I also see larger health care businesses gobbling up smaller hospitals and providers, then provide inpersonable care at assembly line like care, or put clinics in the place of a higher level care facilities. I think that rural areas will hurt the most. I am looking at our own surrounding communities here in upstate NY and see "clinics" popping up that do not/cannot provide high level care. You not only have to travel farther for a hospital but try to find an ambulance service if you need one. Many communities can't even find enough volunteers to man the ambulances and even the paid services are pulling out because reimbursement is poor.
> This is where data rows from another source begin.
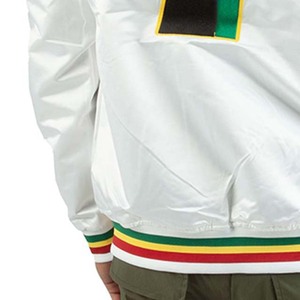 เสื้อแจ็คเก็ตบอมเบอร์สีขาวสำหรับผู้ชาย พิมพ์ลายตัวอักษร คอตั้ง ติดกระดุมแบบสแนป กันลม สไตล์สปอร์ต - Product Image 4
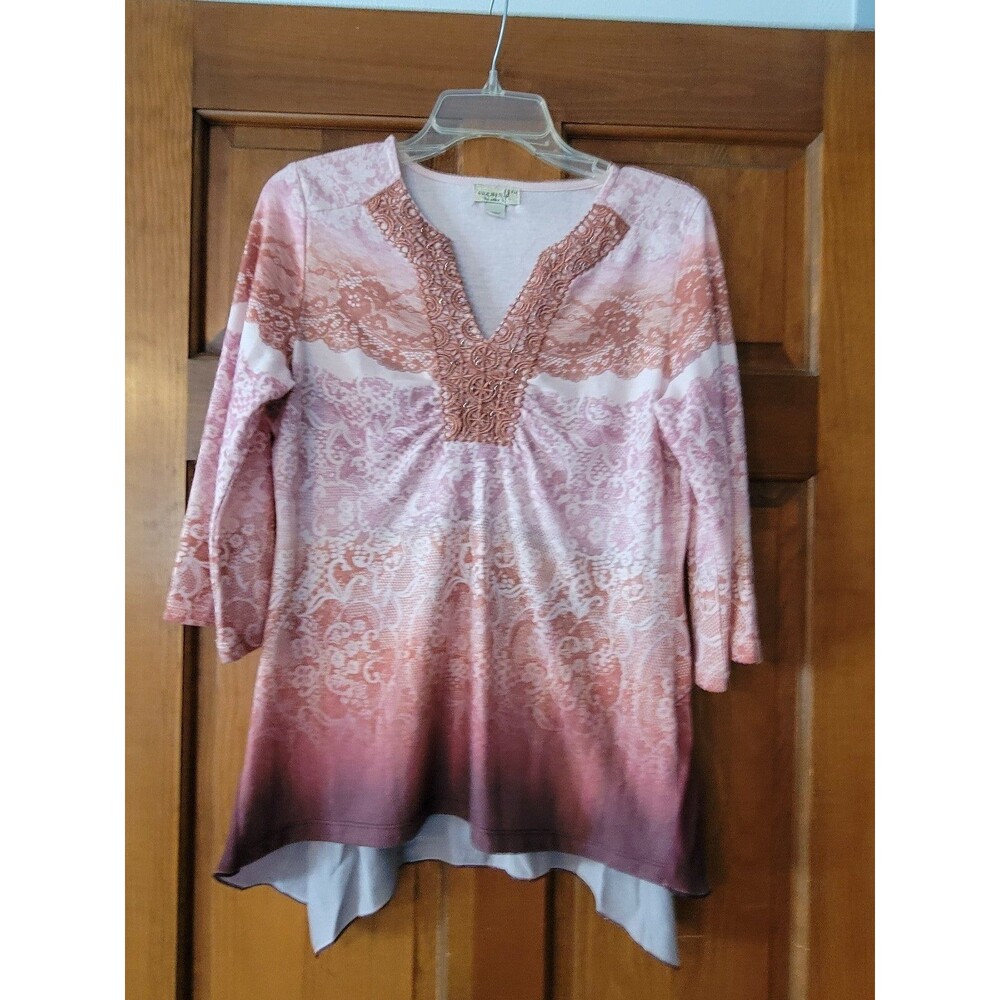Womens Petite Medium One World Top
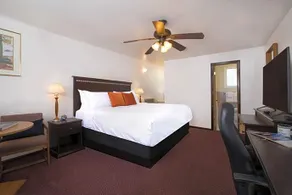 Twin Owls Motor Lodge - Image 5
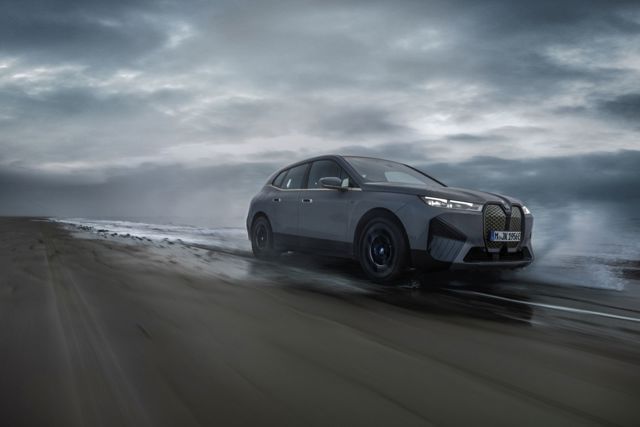 Bmw Ix M photo 23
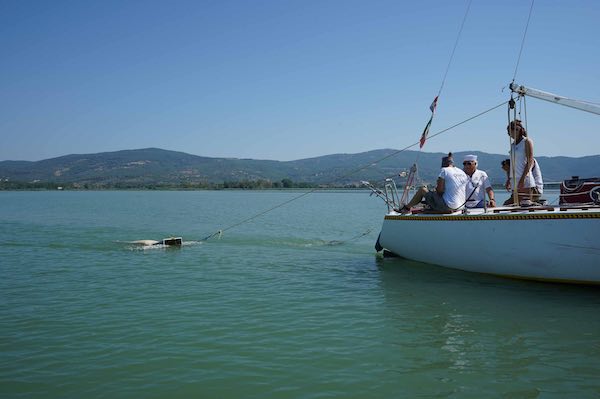 Microplastiche in aumento nei laghi, un'emergenza silenziosa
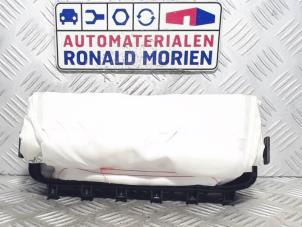 Gebruikte Airbag rechts (Dashboard) Dacia Duster (SR) Prijs € 145,00 Margeregeling aangeboden door Automaterialen Ronald Morien B.V.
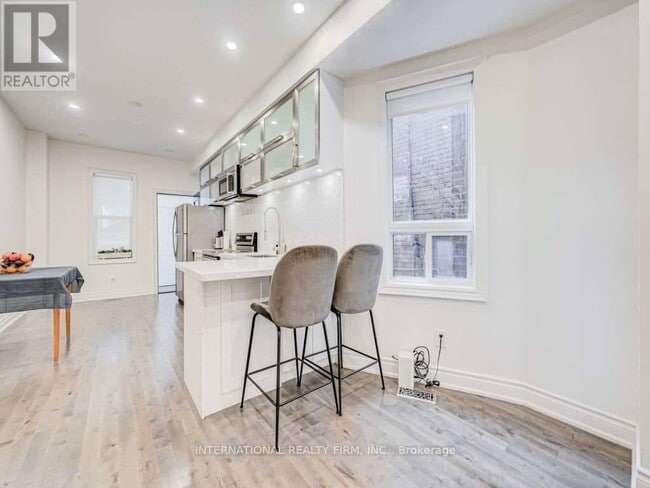Building Photo - 717 Palmerston Ave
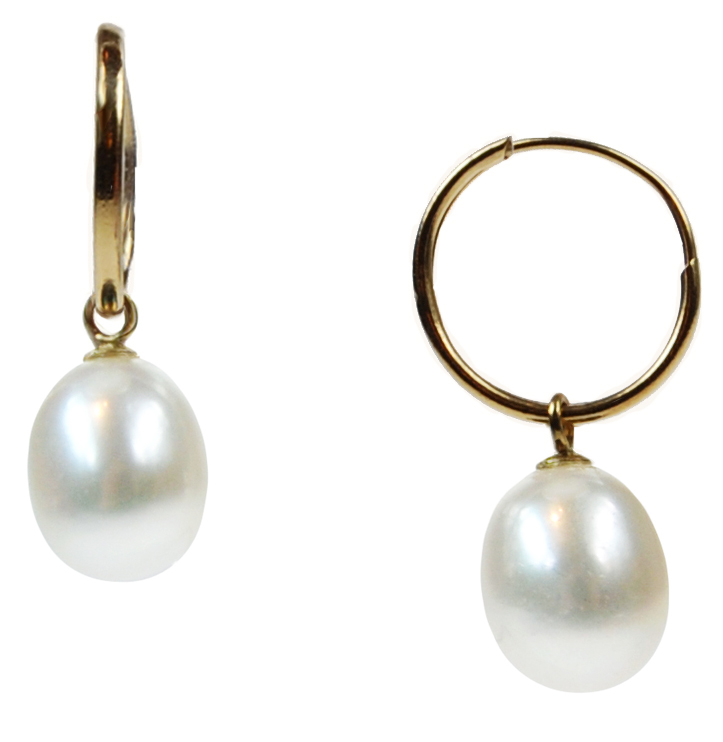CDPearls's tweet photo. The Hoop Edit - A timeless wardrobe staple.
Hoop earrings have been a style statement since the Ancient Roman Empire and they remain a must-have for your jewellery box. https://t.co/X1JPsUHZ6v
I don't know what the answer is but I point my finger at insurance companies who not only raise premiums and then increase co-pays and deductibles that a person needs to meet and turn around to reimburse a physician the lowest possible payment. Who is making a profit? certainly not physicians. I would like to see Washington look at countries who provide their citizens with complete healthcare and use them as a model that we can use to develop our own system here in the US. I could go on and on and now believe that I am ranting so I will sign off. Thanks for the opportunity to vent.

How about more Walk-in Clinics, and an exercise campaign?

I notice that heart disease and stroke are down substantially, by over 25% in just a few years. What's to stop this continuing? Obesity and lack of exercise. So why don't we concentrate on those two issues?